Addressing defendant's assertion that "had he known of the discovery
contents[,]" he "would have taken th[e] case to trial," the judge pointed out that
defendant failed to "provide th[e] [c]ourt with any affidavits or information
explaining what discovery he claims he was unaware of at the time he ple []d,
nor does he explain how this discovery would have persuaded him to take the
case to trial." Thus, the judge rejected the claim as "a 'bald assertion' prohibited
by [State v. Cummings, 321 N.J. Super. 154, 170 (App. Div. 1999)]."
Next, the judge addressed defendant's arguments that his attorney was
ineffective for failing to argue at sentencing mitigating factors two, seven, eight,
nine, and thirteen. See N.J.S.A. 2C:44-1(b)(2), "[t]he defendant did not
contemplate that his conduct would cause or threaten serious harm;" N.J.S.A.
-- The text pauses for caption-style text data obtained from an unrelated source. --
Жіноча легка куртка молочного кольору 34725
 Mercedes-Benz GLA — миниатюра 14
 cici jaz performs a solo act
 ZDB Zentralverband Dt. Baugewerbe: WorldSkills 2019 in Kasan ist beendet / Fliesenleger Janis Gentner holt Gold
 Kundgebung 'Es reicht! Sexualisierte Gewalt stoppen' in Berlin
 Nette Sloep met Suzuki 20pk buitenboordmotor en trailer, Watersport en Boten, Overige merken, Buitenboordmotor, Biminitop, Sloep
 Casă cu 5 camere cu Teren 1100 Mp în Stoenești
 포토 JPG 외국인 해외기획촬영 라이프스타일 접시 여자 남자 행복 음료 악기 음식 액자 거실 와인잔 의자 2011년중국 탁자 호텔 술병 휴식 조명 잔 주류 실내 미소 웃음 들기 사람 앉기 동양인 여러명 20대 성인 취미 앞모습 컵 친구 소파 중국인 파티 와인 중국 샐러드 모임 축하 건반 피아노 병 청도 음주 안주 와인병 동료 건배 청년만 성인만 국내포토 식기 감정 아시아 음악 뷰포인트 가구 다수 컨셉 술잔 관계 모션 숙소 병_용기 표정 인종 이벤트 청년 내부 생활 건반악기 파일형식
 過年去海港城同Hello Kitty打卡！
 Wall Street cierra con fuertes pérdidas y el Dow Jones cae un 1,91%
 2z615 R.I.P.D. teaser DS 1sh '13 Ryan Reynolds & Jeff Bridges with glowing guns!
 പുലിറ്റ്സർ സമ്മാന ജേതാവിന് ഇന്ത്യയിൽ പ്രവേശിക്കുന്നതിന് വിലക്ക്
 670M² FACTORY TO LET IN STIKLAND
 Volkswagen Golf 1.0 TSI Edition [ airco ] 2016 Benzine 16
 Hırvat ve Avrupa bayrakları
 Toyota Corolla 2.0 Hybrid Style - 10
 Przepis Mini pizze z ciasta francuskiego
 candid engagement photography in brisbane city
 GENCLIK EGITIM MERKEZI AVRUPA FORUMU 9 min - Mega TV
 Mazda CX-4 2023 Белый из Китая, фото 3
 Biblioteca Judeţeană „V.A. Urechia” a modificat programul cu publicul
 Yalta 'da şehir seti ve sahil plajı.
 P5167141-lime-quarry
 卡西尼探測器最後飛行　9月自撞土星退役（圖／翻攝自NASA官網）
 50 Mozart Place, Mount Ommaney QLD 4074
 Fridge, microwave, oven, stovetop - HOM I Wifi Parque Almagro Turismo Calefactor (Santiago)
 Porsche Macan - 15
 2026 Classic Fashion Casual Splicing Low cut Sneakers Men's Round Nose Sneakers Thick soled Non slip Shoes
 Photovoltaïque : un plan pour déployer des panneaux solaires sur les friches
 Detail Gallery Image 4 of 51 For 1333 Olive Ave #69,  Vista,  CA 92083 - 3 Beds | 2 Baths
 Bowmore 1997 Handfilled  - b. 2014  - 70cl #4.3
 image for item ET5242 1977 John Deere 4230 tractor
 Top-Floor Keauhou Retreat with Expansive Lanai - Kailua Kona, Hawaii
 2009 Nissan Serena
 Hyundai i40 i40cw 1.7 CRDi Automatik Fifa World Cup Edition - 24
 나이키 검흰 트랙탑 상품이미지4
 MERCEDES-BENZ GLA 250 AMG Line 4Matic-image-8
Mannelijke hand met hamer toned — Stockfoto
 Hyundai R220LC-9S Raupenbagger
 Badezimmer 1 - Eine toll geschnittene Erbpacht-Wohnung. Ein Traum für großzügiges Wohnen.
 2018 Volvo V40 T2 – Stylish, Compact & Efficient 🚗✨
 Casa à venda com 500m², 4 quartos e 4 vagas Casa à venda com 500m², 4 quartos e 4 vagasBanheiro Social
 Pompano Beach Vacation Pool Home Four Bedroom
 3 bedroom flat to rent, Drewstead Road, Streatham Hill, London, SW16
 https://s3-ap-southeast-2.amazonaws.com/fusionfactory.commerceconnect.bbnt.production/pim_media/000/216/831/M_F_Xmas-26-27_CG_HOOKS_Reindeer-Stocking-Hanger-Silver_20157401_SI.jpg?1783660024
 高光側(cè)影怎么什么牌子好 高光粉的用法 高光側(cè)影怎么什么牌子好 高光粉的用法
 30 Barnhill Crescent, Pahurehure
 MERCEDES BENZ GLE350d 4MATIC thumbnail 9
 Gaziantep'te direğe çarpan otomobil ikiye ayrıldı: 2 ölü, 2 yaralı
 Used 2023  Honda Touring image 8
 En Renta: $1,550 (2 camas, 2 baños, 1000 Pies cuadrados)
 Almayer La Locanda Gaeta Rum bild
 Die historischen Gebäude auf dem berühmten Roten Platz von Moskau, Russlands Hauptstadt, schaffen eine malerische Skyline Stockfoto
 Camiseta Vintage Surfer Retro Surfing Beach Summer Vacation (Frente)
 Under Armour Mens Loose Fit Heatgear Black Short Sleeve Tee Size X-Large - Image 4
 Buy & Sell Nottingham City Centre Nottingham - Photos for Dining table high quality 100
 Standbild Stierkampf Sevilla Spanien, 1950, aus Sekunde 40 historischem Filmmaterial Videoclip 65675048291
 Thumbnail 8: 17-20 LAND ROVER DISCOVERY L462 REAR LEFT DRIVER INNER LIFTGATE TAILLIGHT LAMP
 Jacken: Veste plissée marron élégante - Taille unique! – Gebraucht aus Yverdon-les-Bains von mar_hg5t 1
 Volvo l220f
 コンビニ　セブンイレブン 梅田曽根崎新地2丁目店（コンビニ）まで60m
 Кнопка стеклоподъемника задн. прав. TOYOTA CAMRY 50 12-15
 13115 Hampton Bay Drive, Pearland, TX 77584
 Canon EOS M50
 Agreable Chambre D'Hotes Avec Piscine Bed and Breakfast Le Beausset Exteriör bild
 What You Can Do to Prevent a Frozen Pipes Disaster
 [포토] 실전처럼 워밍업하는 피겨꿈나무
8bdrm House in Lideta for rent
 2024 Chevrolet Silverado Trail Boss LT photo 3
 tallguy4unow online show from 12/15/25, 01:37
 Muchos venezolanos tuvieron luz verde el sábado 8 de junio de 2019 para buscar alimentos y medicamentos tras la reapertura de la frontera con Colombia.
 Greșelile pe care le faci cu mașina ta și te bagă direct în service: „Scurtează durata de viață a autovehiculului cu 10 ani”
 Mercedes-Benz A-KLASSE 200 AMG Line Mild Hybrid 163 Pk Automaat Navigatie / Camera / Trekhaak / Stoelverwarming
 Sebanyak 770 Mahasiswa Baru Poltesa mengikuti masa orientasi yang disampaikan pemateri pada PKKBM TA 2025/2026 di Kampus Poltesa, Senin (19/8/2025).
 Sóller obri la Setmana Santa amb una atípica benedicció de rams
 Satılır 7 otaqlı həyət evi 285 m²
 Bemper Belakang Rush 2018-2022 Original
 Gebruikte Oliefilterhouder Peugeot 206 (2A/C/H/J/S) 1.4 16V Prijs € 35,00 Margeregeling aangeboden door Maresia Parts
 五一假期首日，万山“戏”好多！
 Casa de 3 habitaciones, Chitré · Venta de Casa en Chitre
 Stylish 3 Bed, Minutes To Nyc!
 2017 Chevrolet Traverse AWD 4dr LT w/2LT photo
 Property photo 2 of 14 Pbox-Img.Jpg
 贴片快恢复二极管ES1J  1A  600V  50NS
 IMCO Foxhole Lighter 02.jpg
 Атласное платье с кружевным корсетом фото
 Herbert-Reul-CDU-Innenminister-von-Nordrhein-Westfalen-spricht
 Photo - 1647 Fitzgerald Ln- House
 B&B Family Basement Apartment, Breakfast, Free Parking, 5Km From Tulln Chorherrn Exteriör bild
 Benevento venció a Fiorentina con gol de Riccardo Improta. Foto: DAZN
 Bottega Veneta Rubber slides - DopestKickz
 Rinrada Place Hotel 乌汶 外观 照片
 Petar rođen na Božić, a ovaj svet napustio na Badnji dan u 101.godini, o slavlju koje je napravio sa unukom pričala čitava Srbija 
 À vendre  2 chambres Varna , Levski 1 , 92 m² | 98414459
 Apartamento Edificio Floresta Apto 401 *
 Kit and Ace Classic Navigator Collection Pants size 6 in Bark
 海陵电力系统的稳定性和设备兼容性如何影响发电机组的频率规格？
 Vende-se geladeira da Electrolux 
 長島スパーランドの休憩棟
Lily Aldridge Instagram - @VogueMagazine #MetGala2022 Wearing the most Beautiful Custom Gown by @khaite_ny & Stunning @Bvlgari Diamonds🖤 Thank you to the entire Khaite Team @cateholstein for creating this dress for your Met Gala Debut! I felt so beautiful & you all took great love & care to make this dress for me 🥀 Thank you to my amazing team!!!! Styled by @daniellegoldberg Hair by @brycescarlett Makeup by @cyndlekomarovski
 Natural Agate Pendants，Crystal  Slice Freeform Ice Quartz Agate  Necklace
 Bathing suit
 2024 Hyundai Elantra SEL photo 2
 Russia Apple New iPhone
2C:44-1(b)(8), "[t]he defendant’s conduct was the result of circumstances
unlikely to recur;" N.J.S.A. 2C:44-1(b)(9), "[t]he character and attitude of the
defendant indicate that he is unlikely to commit another offense;" and N.J.S.A.
2C:44-1(b)(13), "[t]he conduct of a youthful defendant was substantially
influenced by another person more mature than the defendant."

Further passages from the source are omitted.